Your assignment:
Repeat the entries below exactly. Begin with the first line and end with the line that contains "1992 Longaberger Crisco".
··· Data shown ···
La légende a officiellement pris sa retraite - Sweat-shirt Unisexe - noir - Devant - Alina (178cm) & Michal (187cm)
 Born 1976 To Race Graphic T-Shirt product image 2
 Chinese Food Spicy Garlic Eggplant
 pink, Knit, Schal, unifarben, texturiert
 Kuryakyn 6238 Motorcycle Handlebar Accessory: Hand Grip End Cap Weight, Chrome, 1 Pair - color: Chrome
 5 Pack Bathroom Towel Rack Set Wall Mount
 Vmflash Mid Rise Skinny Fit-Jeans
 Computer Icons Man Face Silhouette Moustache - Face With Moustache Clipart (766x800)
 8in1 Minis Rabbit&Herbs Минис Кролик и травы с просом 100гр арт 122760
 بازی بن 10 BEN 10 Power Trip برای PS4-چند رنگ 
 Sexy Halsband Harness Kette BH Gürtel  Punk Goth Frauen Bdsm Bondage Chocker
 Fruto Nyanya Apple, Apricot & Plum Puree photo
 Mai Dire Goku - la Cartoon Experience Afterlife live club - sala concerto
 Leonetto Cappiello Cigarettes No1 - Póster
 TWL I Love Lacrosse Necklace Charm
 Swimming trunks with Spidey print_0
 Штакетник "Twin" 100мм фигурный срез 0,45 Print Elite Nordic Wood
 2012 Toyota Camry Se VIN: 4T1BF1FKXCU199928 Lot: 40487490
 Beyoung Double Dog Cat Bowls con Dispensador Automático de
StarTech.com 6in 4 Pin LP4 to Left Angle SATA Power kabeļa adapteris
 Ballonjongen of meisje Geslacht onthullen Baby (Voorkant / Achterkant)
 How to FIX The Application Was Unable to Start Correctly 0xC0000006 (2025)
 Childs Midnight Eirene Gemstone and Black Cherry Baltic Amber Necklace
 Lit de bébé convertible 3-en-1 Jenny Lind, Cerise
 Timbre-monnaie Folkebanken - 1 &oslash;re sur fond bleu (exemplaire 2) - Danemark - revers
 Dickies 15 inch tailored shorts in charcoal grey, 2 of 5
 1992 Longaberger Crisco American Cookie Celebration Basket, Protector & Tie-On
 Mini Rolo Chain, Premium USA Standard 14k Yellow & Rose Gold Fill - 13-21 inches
···
Exercise answer:
La légende a officiellement pris sa retraite - Sweat-shirt Unisexe - noir - Devant - Alina (178cm) & Michal (187cm)
 Born 1976 To Race Graphic T-Shirt product image 2
 Chinese Food Spicy Garlic Eggplant
 pink, Knit, Schal, unifarben, texturiert
 Kuryakyn 6238 Motorcycle Handlebar Accessory: Hand Grip End Cap Weight, Chrome, 1 Pair - color: Chrome
 5 Pack Bathroom Towel Rack Set Wall Mount
 Vmflash Mid Rise Skinny Fit-Jeans
 Computer Icons Man Face Silhouette Moustache - Face With Moustache Clipart (766x800)
 8in1 Minis Rabbit&Herbs Минис Кролик и травы с просом 100гр арт 122760
 بازی بن 10 BEN 10 Power Trip برای PS4-چند رنگ 
 Sexy Halsband Harness Kette BH Gürtel  Punk Goth Frauen Bdsm Bondage Chocker
 Fruto Nyanya Apple, Apricot & Plum Puree photo
 Mai Dire Goku - la Cartoon Experience Afterlife live club - sala concerto
 Leonetto Cappiello Cigarettes No1 - Póster
 TWL I Love Lacrosse Necklace Charm
 Swimming trunks with Spidey print_0
 Штакетник "Twin" 100мм фигурный срез 0,45 Print Elite Nordic Wood
 2012 Toyota Camry Se VIN: 4T1BF1FKXCU199928 Lot: 40487490
 Beyoung Double Dog Cat Bowls con Dispensador Automático de
StarTech.com 6in 4 Pin LP4 to Left Angle SATA Power kabeļa adapteris
 Ballonjongen of meisje Geslacht onthullen Baby (Voorkant / Achterkant)
 How to FIX The Application Was Unable to Start Correctly 0xC0000006 (2025)
 Childs Midnight Eirene Gemstone and Black Cherry Baltic Amber Necklace
 Lit de bébé convertible 3-en-1 Jenny Lind, Cerise
 Timbre-monnaie Folkebanken - 1 &oslash;re sur fond bleu (exemplaire 2) - Danemark - revers
 Dickies 15 inch tailored shorts in charcoal grey, 2 of 5
 1992 Longaberger Crisco American Cookie Celebration Basket, Protector & Tie-On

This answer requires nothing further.